## EXERCISE REQUIREMENTS
Repeat the entries without change, omitting the pictures.

## RECORDS PROVIDED
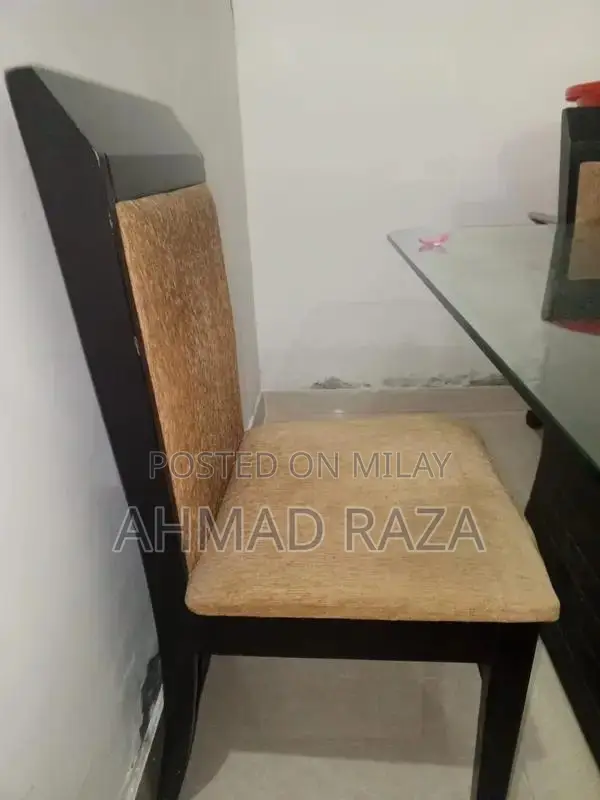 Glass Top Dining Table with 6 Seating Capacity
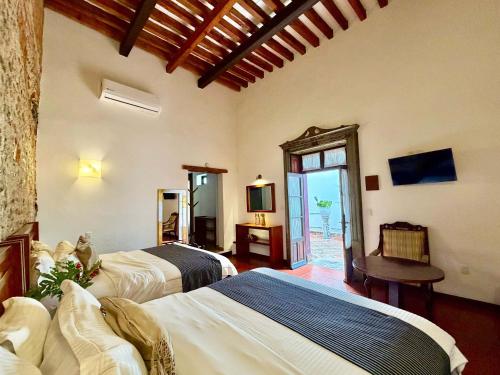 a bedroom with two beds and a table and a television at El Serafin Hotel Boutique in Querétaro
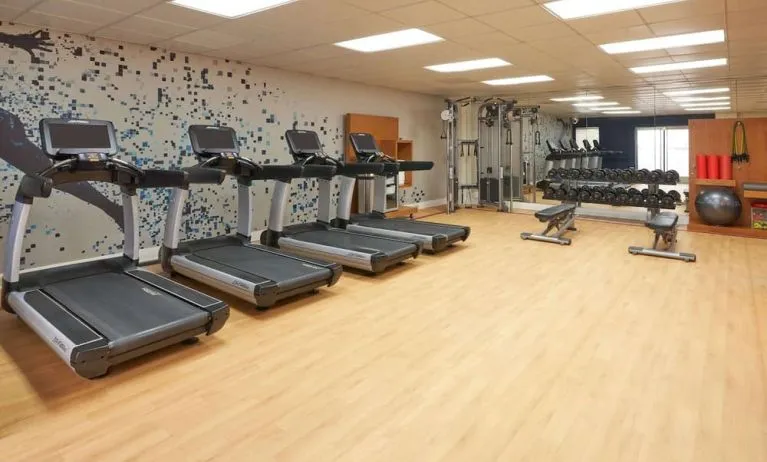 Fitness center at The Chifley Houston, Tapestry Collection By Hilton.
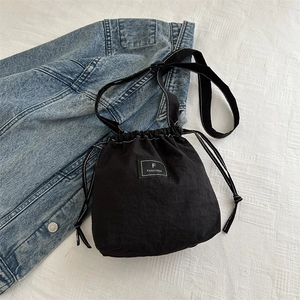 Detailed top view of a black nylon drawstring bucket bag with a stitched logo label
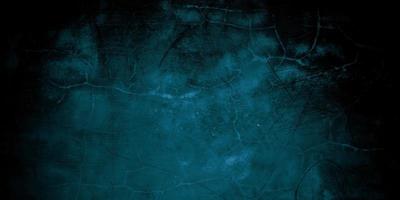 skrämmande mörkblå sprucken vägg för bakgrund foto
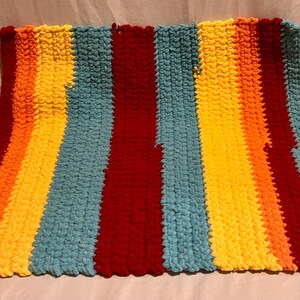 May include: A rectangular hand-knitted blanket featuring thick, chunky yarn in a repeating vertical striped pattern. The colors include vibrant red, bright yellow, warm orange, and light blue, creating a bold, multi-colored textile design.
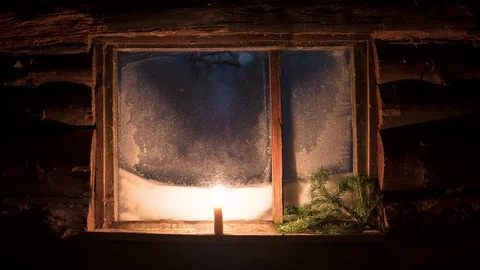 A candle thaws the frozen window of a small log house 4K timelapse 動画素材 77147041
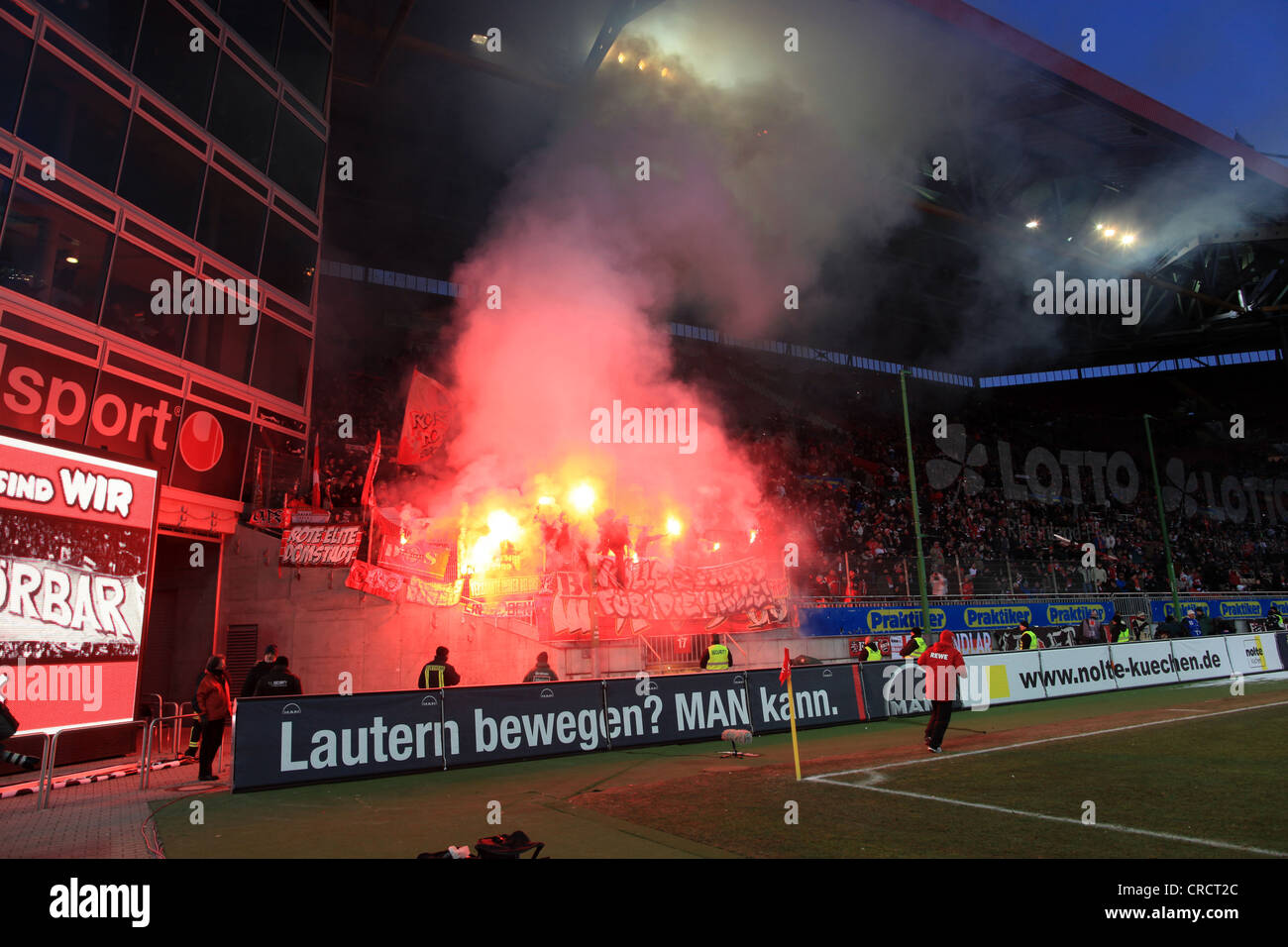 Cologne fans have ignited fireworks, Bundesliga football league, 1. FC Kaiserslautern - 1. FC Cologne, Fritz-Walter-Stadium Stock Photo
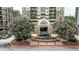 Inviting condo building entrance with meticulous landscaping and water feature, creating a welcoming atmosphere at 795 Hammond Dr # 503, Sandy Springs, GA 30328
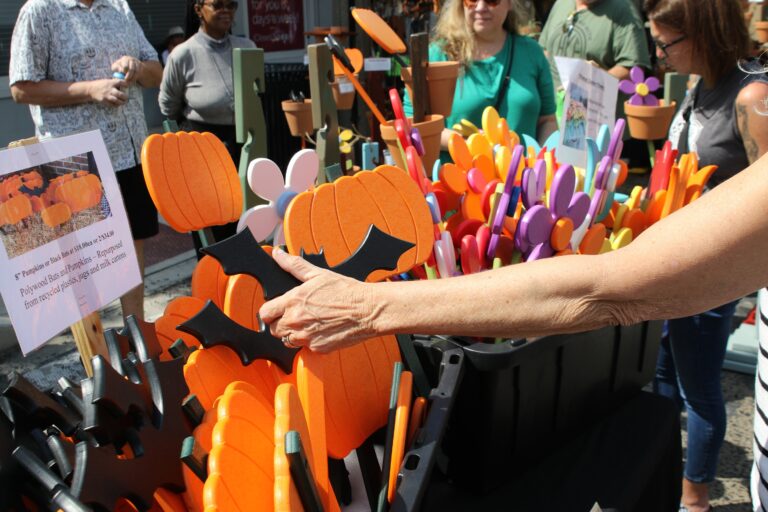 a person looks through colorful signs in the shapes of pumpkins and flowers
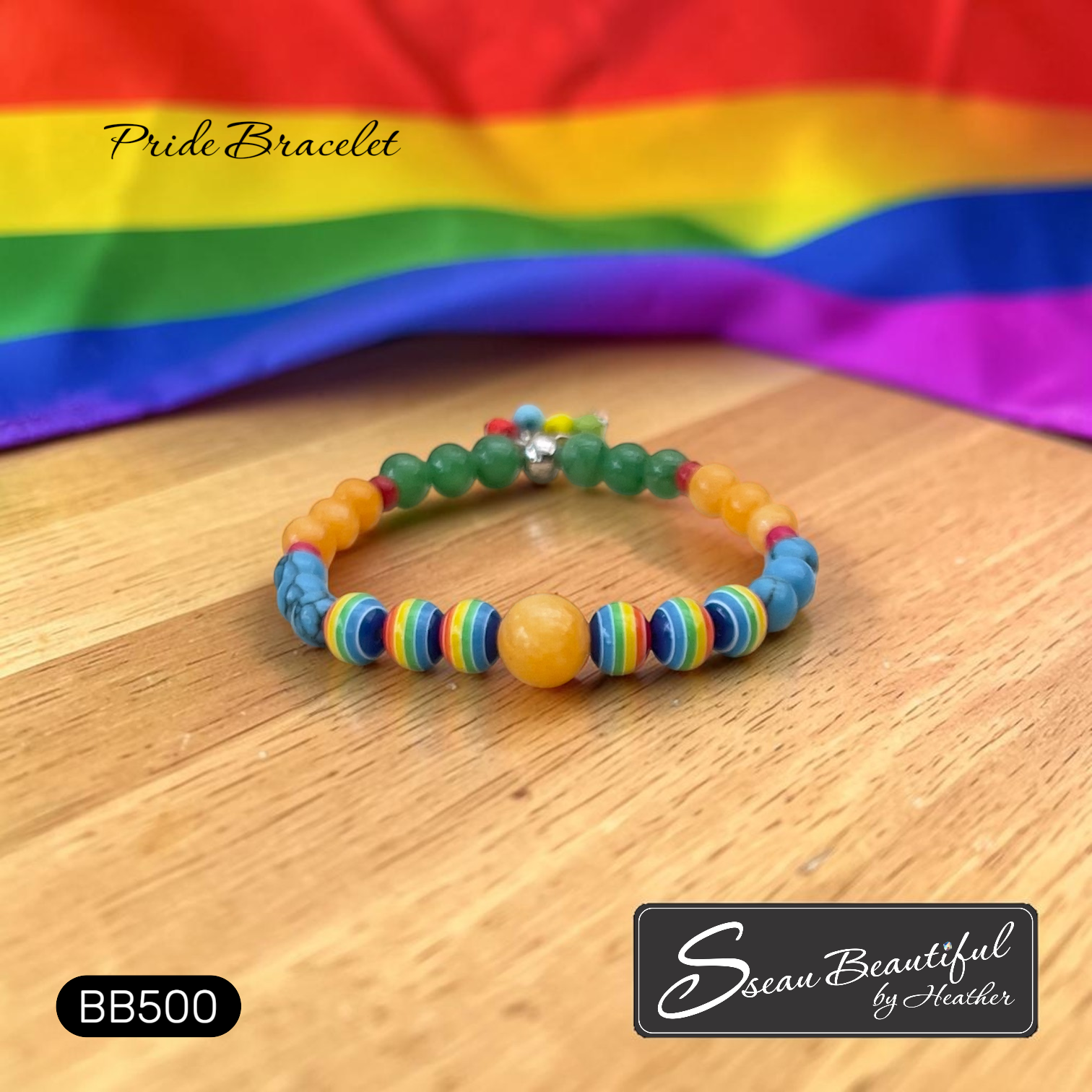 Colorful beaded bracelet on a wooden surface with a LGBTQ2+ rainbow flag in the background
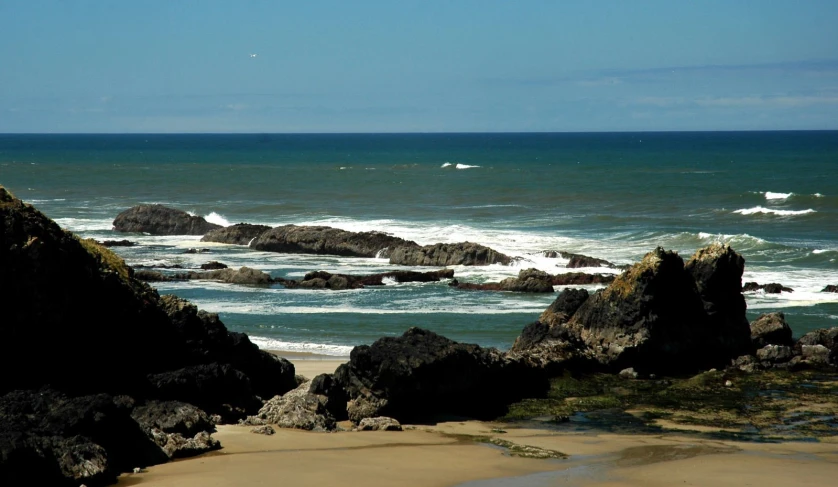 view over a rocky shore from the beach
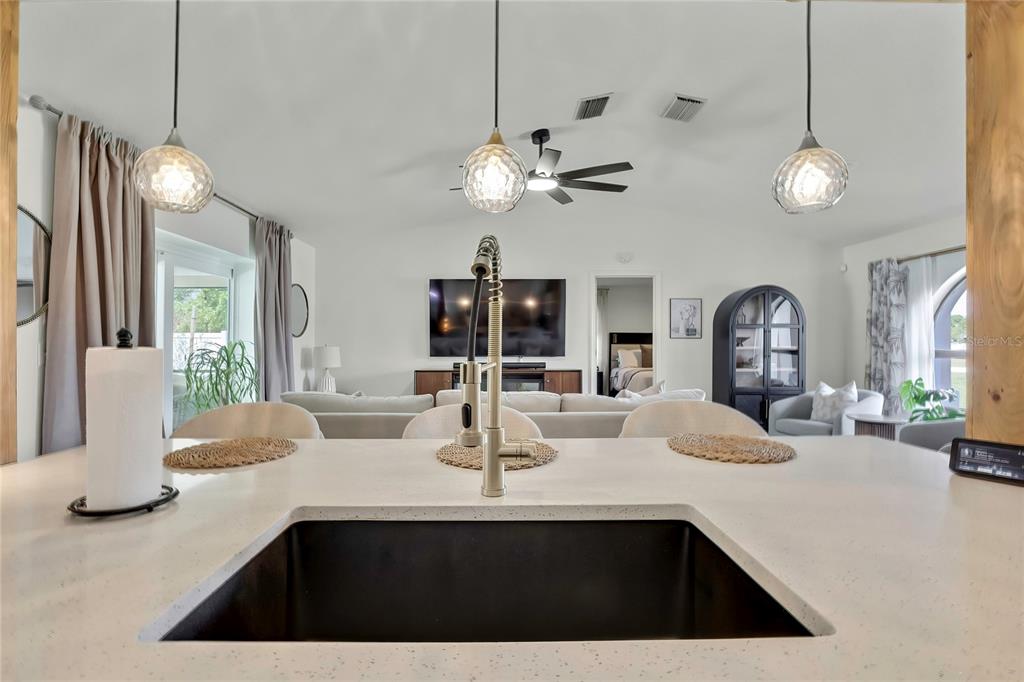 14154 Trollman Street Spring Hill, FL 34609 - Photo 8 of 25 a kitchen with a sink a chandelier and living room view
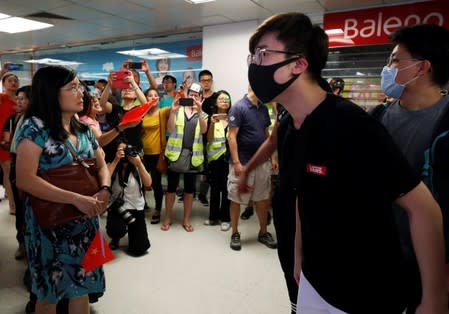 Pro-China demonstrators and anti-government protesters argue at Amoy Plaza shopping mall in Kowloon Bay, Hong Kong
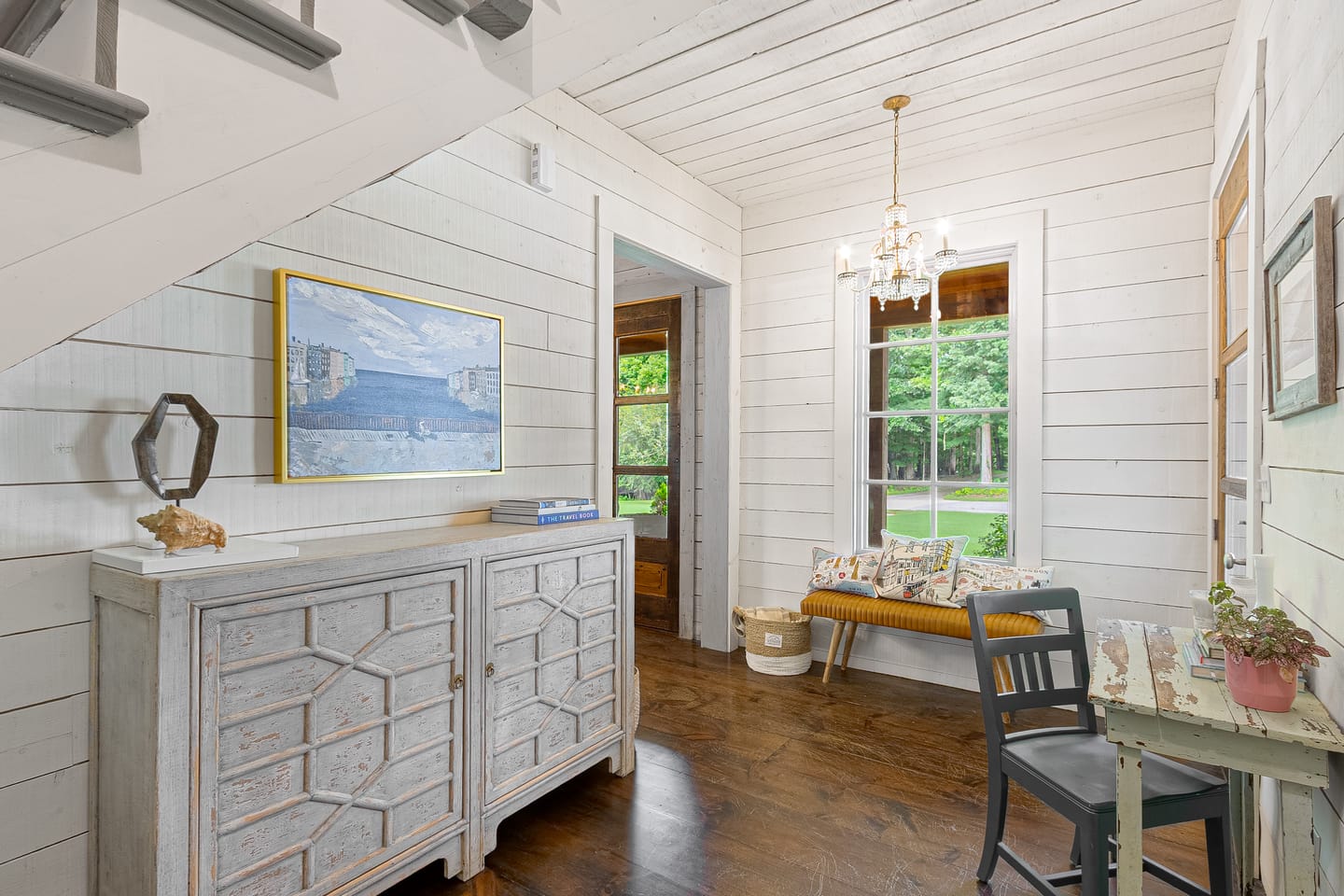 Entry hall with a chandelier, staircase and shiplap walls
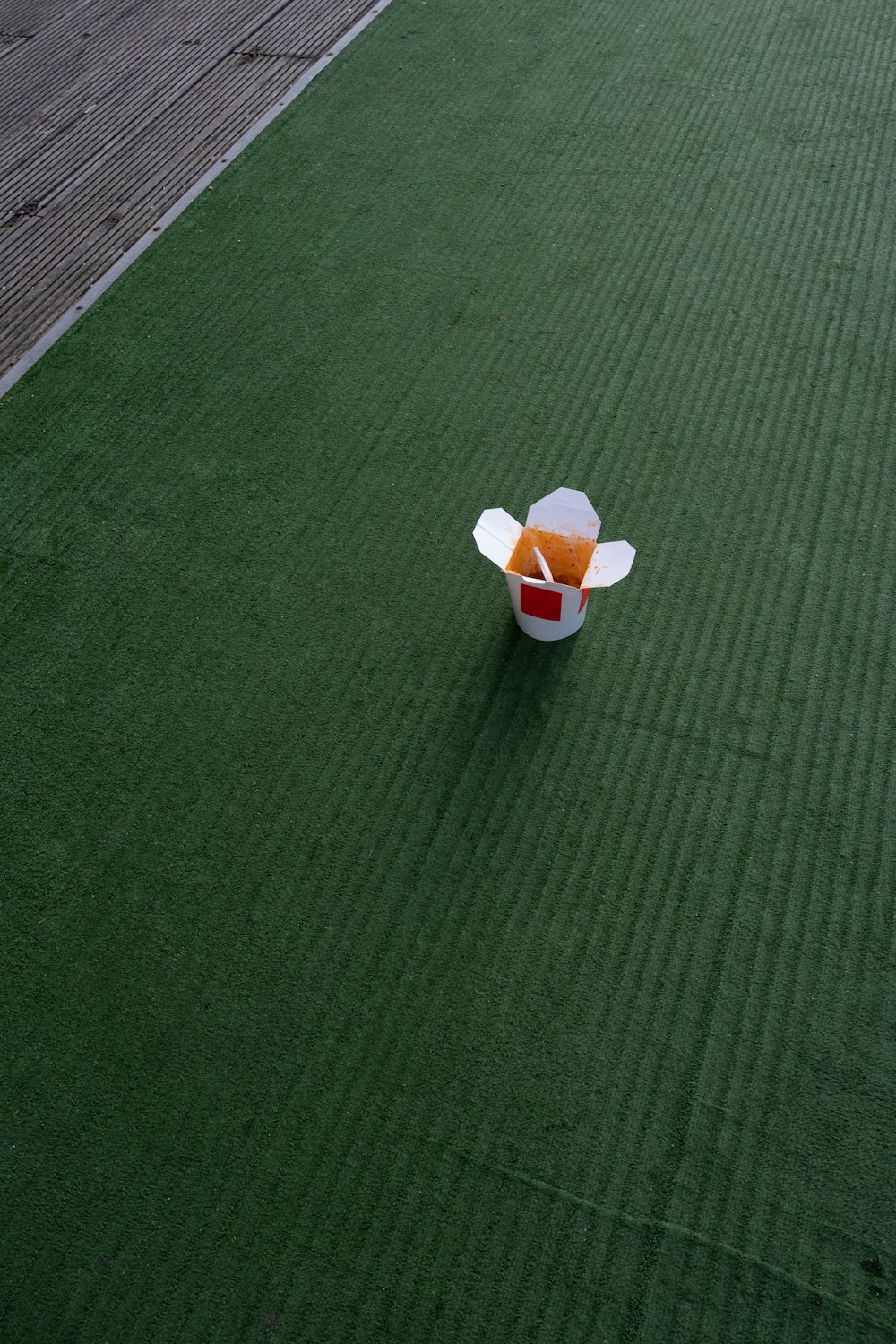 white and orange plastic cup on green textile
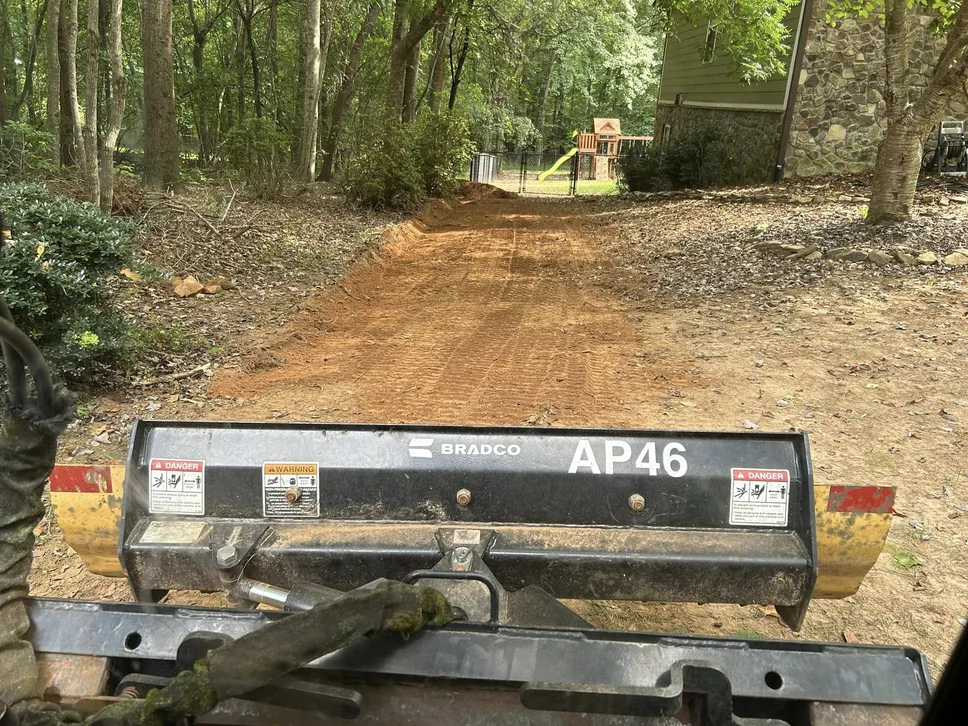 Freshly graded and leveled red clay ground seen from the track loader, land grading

## TASK OUTPUT
 Glass Top Dining Table with 6 Seating Capacity
 a bedroom with two beds and a table and a television at El Serafin Hotel Boutique in Querétaro
 Fitness center at The Chifley Houston, Tapestry Collection By Hilton.
 Detailed top view of a black nylon drawstring bucket bag with a stitched logo label
 skrämmande mörkblå sprucken vägg för bakgrund foto
 May include: A rectangular hand-knitted blanket featuring thick, chunky yarn in a repeating vertical striped pattern. The colors include vibrant red, bright yellow, warm orange, and light blue, creating a bold, multi-colored textile design.
 A candle thaws the frozen window of a small log house 4K timelapse 動画素材 77147041
 Cologne fans have ignited fireworks, Bundesliga football league, 1. FC Kaiserslautern - 1. FC Cologne, Fritz-Walter-Stadium Stock Photo
 Inviting condo building entrance with meticulous landscaping and water feature, creating a welcoming atmosphere at 795 Hammond Dr # 503, Sandy Springs, GA 30328
 a person looks through colorful signs in the shapes of pumpkins and flowers
 Colorful beaded bracelet on a wooden surface with a LGBTQ2+ rainbow flag in the background
 view over a rocky shore from the beach
 14154 Trollman Street Spring Hill, FL 34609 - Photo 8 of 25 a kitchen with a sink a chandelier and living room view
 Pro-China demonstrators and anti-government protesters argue at Amoy Plaza shopping mall in Kowloon Bay, Hong Kong
 Entry hall with a chandelier, staircase and shiplap walls
 white and orange plastic cup on green textile
 Freshly graded and leveled red clay ground seen from the track loader, land grading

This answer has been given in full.